For a long time, research on face recognition has focused on fully frontal, biometric images with good lighting. For applications such as immigration and law enforcement, these assumptions may be realistic; in an automotive environment, they are not. Today, the accuracy of the best known face recognition algorithms reaches human recognition accuracy for images with good lighting conditions and no occlusions but some variations in head pose and expression. Robust face recognition for images that simultaneously vary in head pose, expression, lighting conditions and that may contain partial occlusions are still the subject of research.
Face recognition is generally fairly expensive in terms of computation time and memory. Filter banks that infer tens of thousands of features can easily reach many megabytes in size. Feature selection algorithms make it possible to reduce the model size at the cost of a lower recognition accuracy. For many use cases, user identification has to be completed in the order of one second. The computationally expensive application of filter banks imposes requirements on the CPU that are not met by all mobile CPUs.

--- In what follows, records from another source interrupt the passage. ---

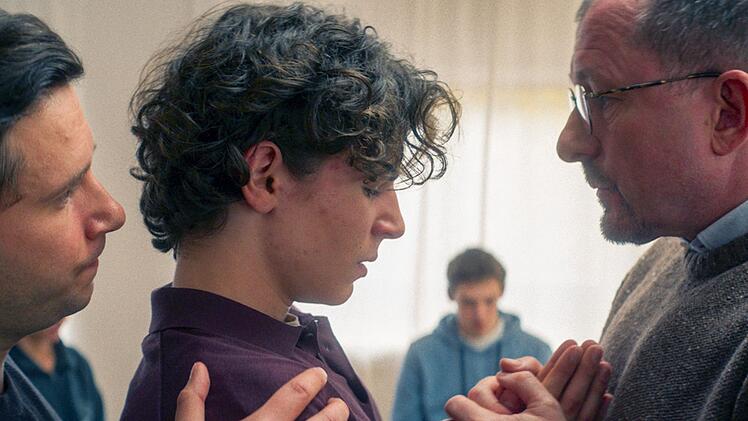 Timotheus (Serafin Mishiev) soll glauben, dass es eine Sünde ist, wenn ein Mann einen Mann liebt.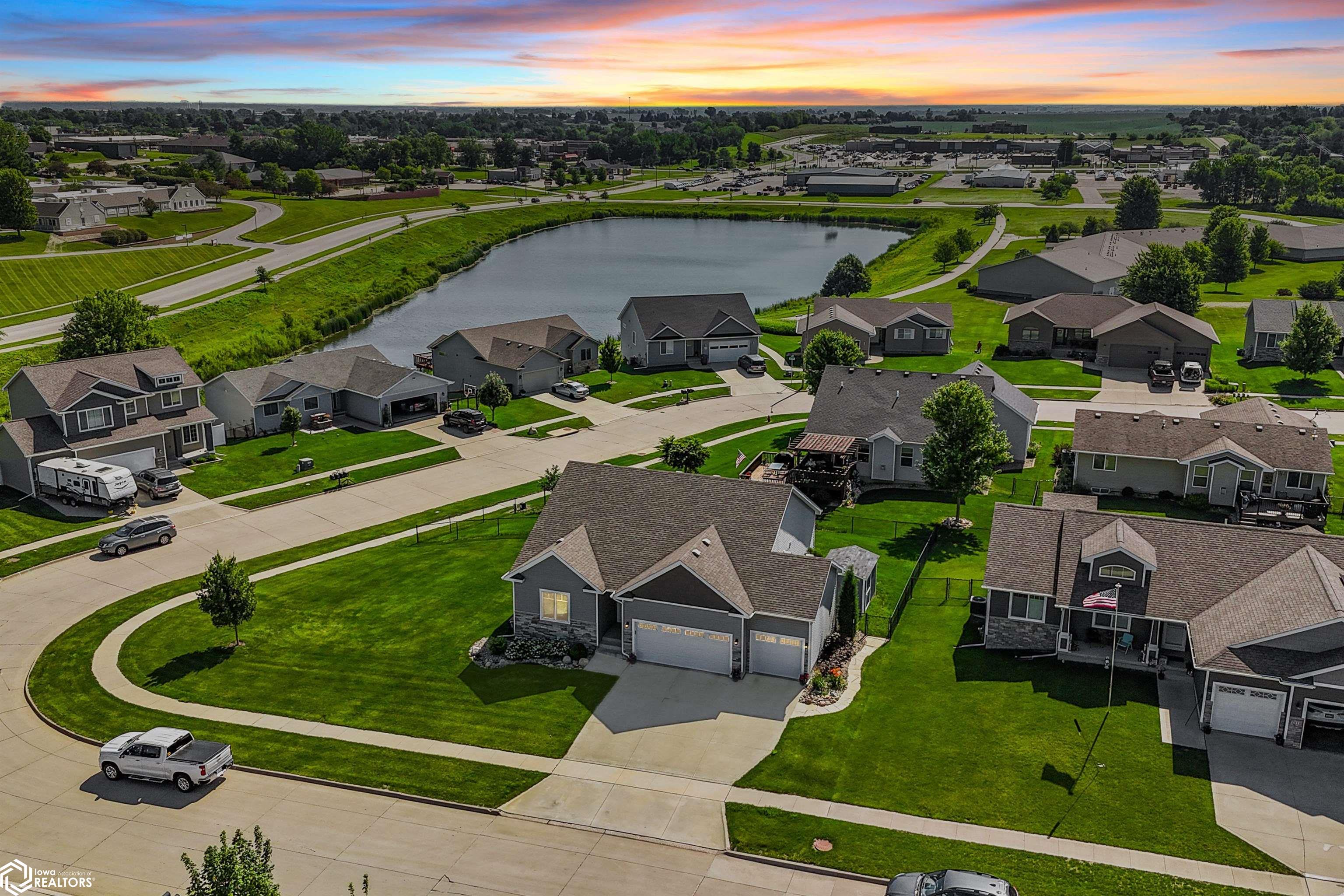 2916 Jackie Terrace, Marshalltown, Iowa image 26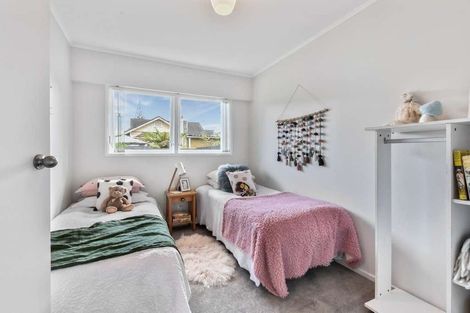 Photo of property in 2/11 Wentworth Avenue, Papatoetoe, Auckland, 2025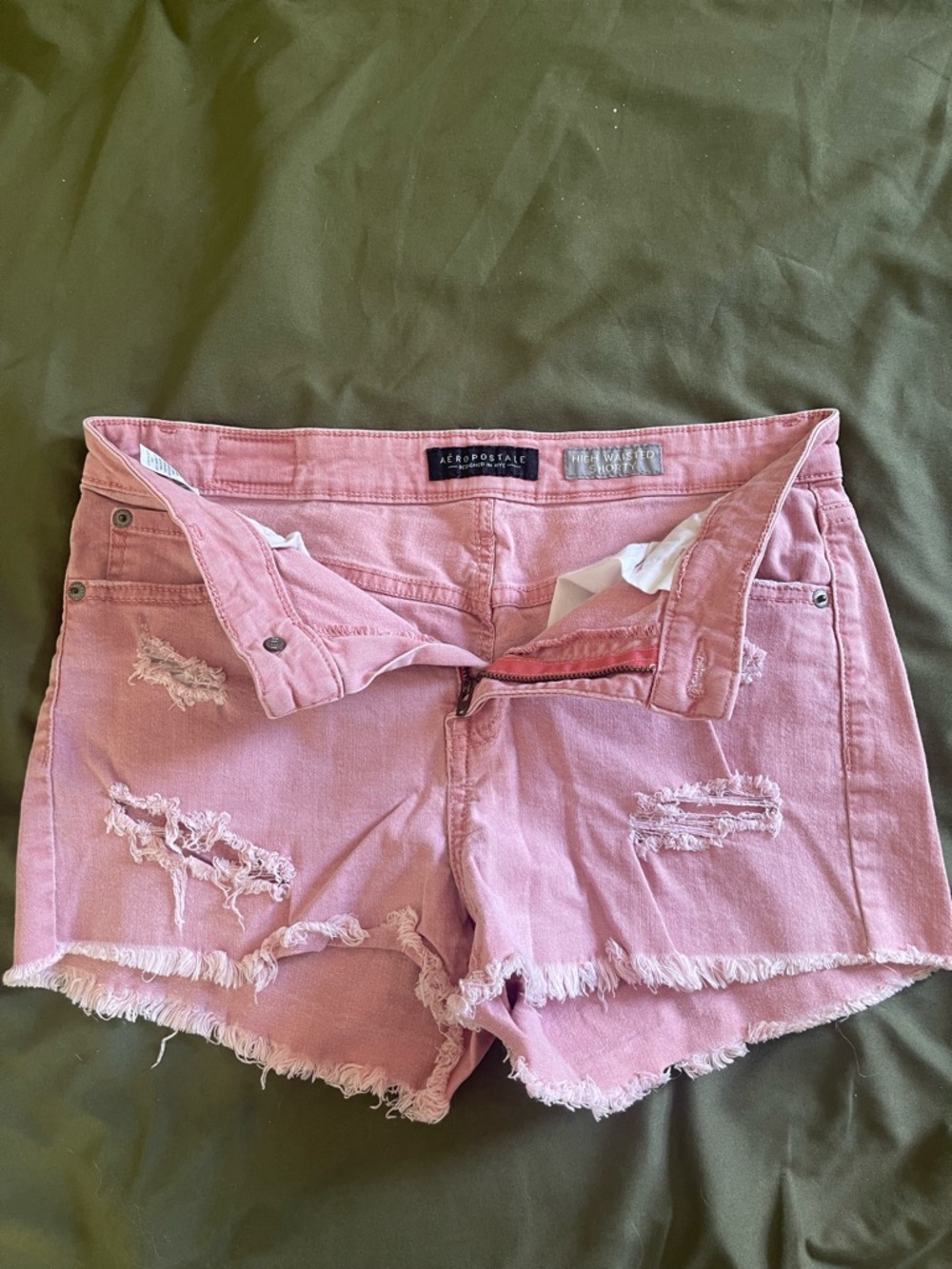 Aeropostale High Waisted Pink Shorts
Size 8
Cutoff distressed hem
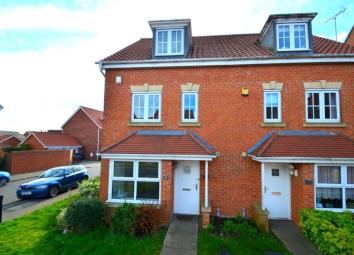 4 Bedroom Semi-detached house to rent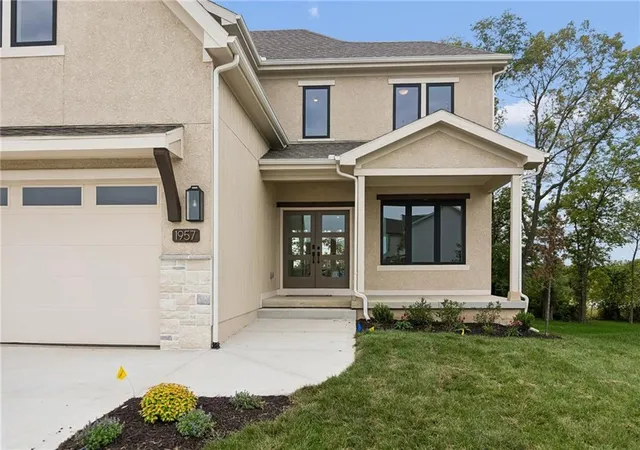 Photo 2 of Single family home for sale at 1957 Longview Dr, Liberty, MO 64068 | MLS# 2630825 | Listing updated on 2026-09-30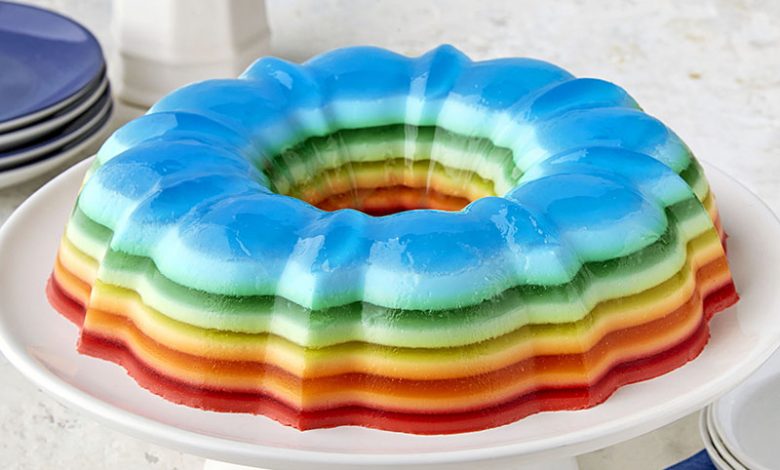 سفره آرایی با ژله چند رنگ گزینه ای بسیار عالی و ساده می باشد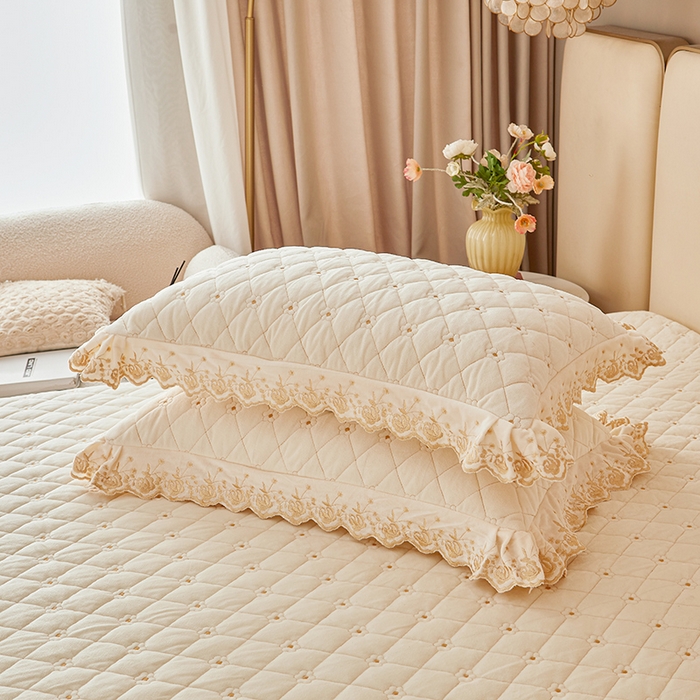 91家纺网 家纺一手货源 找家纺 罗艺轩 2024新款加厚宝宝绒夹棉床裙四件套-梦幻星辰 奶昔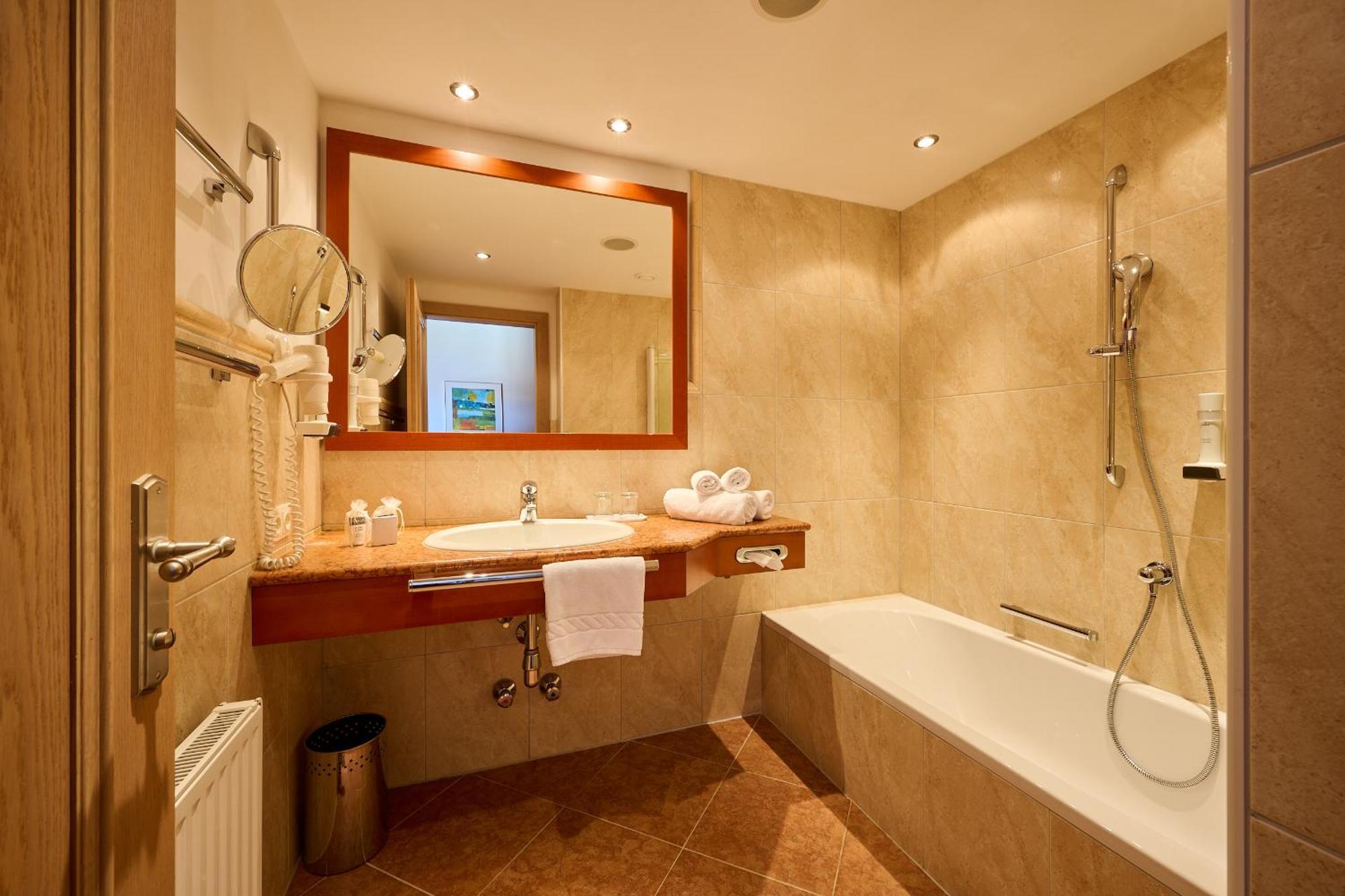 Landhotel Schermer Вестендорф Экстерьер фото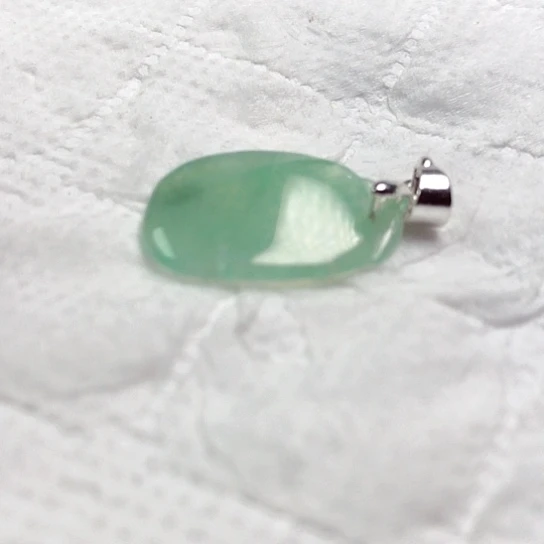 翡翠颈饰未镶嵌财****贝吊坠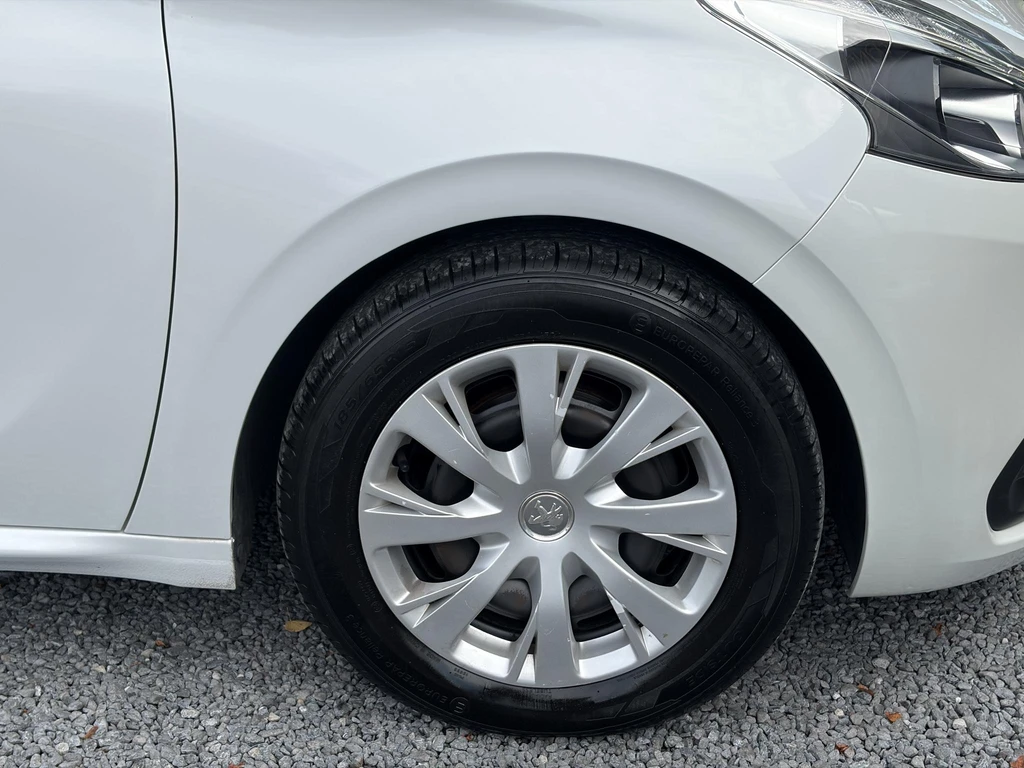 Peugeot 208 – foto 32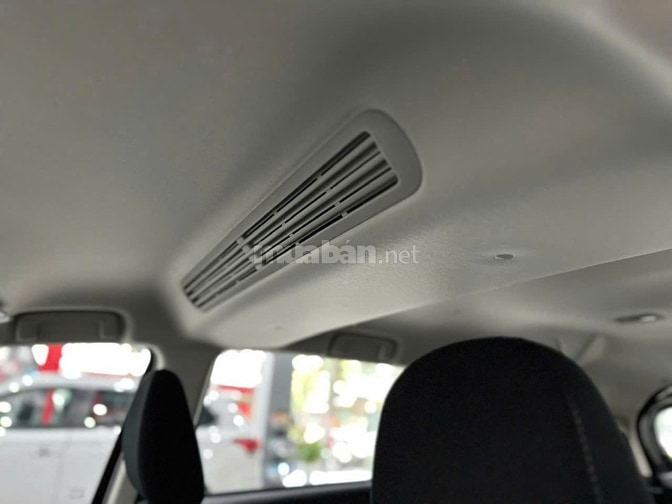 Xe mới mua tháng 07/2026. Hiện đang ký HD cho Cty thuê dài hạn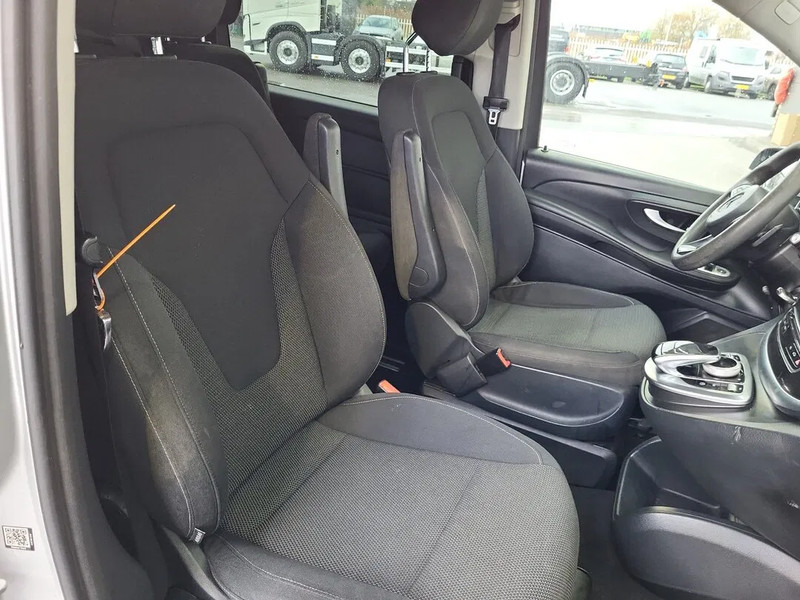 Furgoneta pequeña, Furgoneta combi Mercedes-Benz V-Klasse: foto 10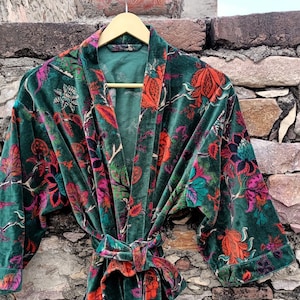 Grüner Vogel Samt Banyan Stoff Kimono Baumwolle Samt Robe Lang, Original OFMD Break Up Robe Gedruckter Kimono mit Quasten Kleid, Geschenk für sie,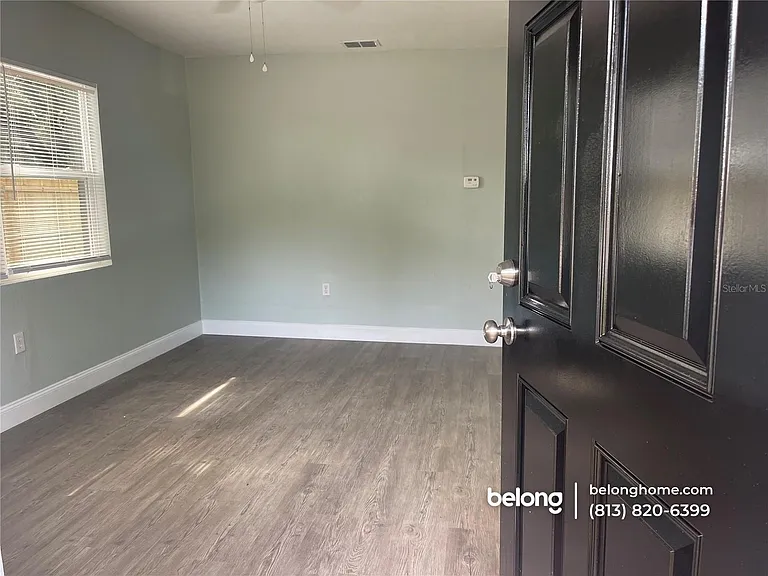 1009 W Washington St — Photo 4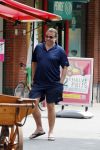 Amsterdam 23 juli 2016
 Robert jensen doet boodschappen met zijn mercedes SL 500 cabrio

We have developed a method that computes and evaluates only those texture features that are strictly necessary to make an identification decision for the image at hand. This method reduces the computational costs of face recognition by more than an order of magnitude. It makes it possible to execute the entire pipeline of face feature tracking, head tracking, and face recognition in real time, at a high frame rate on energyefficient and inexpensive mobile CPUs and embed it on a wide range of devices. For instance, on a single-core A9 CPU it is possible to obtain rates of 10 frames per second for the entire pipeline. The implementation is fully self-contained, has its own memory management and does not require any specific operating system.
A highly efficient face recognition does not only open up a wider range of hardware platforms on which face recognition can be executed in real time. When a higher number of different frames can be analyzed in the time that is available for user identification, the recognition becomes more robust, falsepositive and false-negative identifications become less likely.
New, efficient and robust algorithms enable the deployment not only of face detection, but also of real-time face feature tracking, head tracking, and face recognition on embedded systems that use simple, energy-efficient and inexpensive CPU. Face recognition and head tracking can be embedded jointly since they share most of the processing pipeline and have the same low hardware and camera requirements. Head tracking at a high frame rate provides an approximation of the user’s direction of gaze that meets the accuracy requirements of many use cases; the spatial and temporal resolution can be augmented with eye tracking for others. Face-recognition- based user identification allows to personalize the interaction between users and devices. In vehicles, this allows to activate infotainment preferences, seat and mirror settings; for delivery trucks, driver identification can serve as a security feature. At the same time, head tracking and tracking of the eye lids can monitor drivers’ attention even when advanced assistance systems allow the drivers to take their hands off the steering wheel. In a future in which a multitude of items can be controlled by gestures, head tracking will be able to resolve which item a gesture was directed at.